■ DATA FOR ANALYSIS ■
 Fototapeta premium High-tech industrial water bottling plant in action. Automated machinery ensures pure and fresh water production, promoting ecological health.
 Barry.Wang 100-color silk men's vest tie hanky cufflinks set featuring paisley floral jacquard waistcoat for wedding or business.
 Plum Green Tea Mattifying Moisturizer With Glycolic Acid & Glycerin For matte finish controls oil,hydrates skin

...

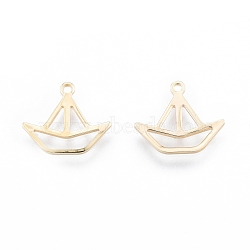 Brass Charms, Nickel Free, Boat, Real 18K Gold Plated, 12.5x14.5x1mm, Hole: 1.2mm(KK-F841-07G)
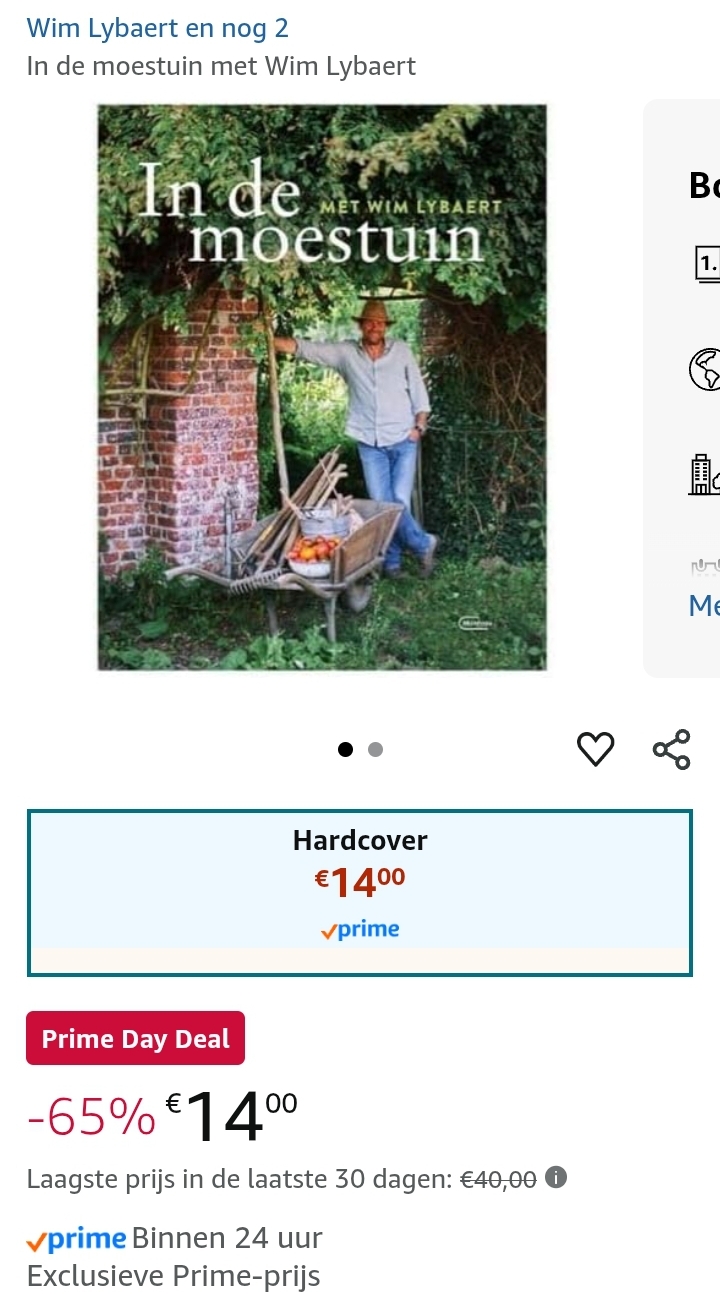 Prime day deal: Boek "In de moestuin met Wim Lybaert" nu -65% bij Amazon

==

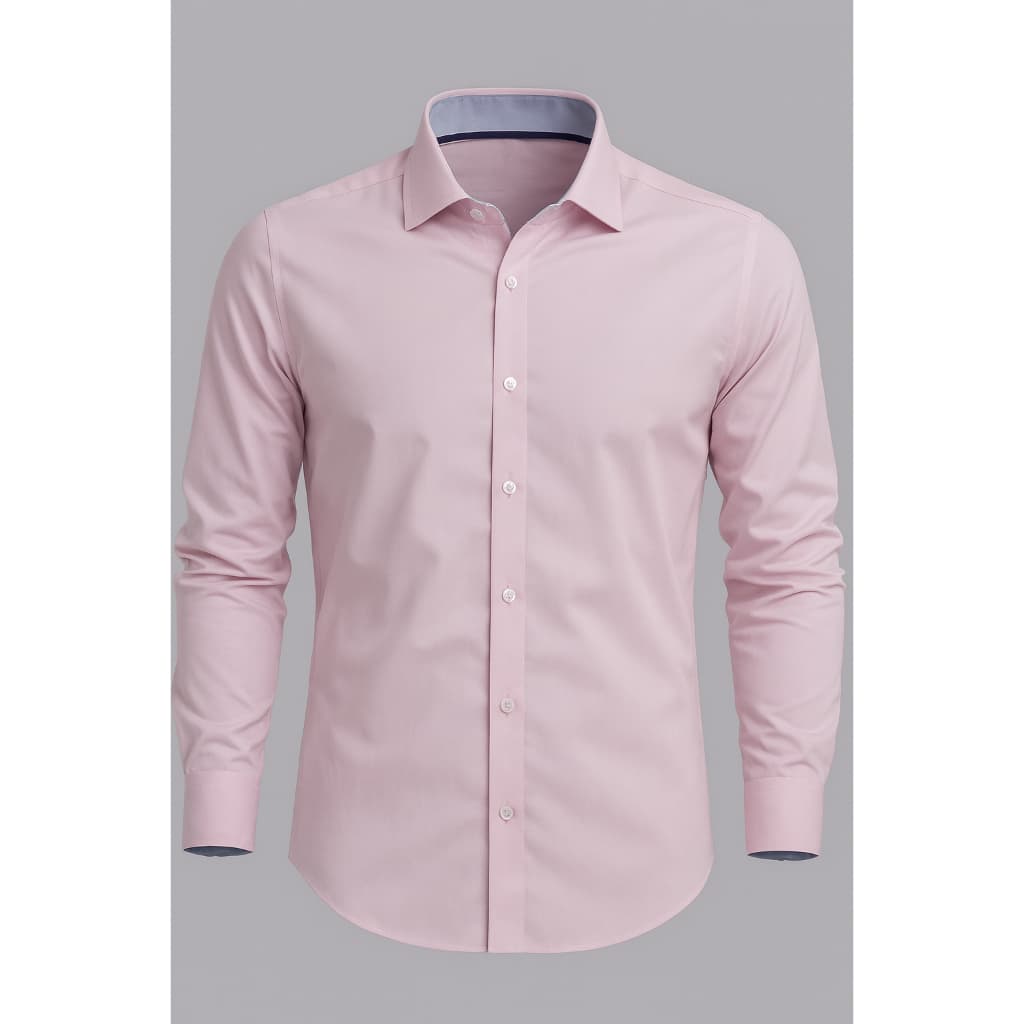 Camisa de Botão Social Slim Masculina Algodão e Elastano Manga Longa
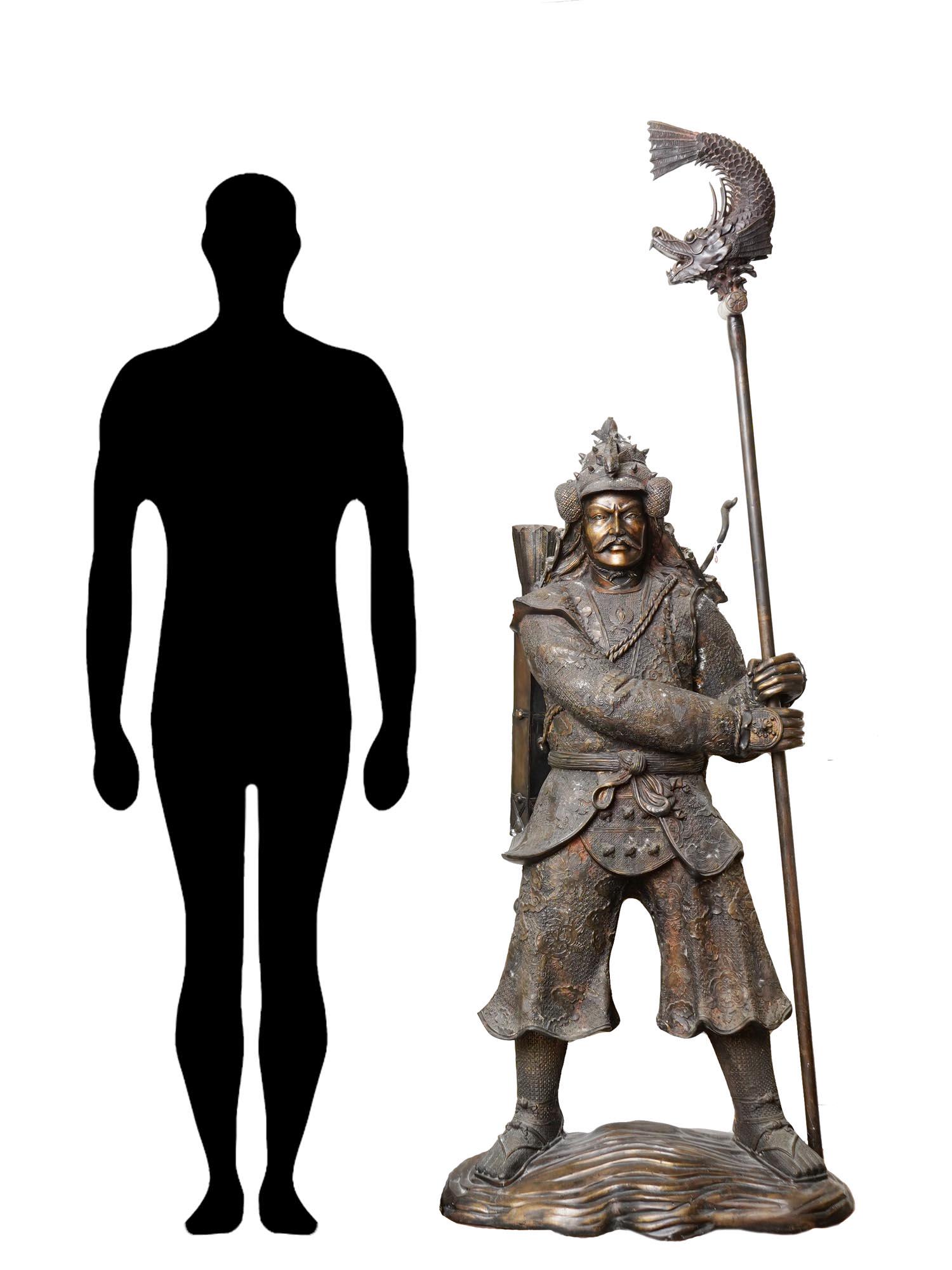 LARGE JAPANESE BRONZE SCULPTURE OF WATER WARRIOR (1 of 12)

■ INSTRUCTIONS TO FOLLOW ■
The line above containing "Fototapeta premium High-tech", the line containing "Plum Green Tea", and every line between them are to be transcribed exactly; no other line is wanted.

■ SOLUTION TO THIS PROBLEM ■
 Fototapeta premium High-tech industrial water bottling plant in action. Automated machinery ensures pure and fresh water production, promoting ecological health.
 Barry.Wang 100-color silk men's vest tie hanky cufflinks set featuring paisley floral jacquard waistcoat for wedding or business.
 Plum Green Tea Mattifying Moisturizer With Glycolic Acid & Glycerin For matte finish controls oil,hydrates skin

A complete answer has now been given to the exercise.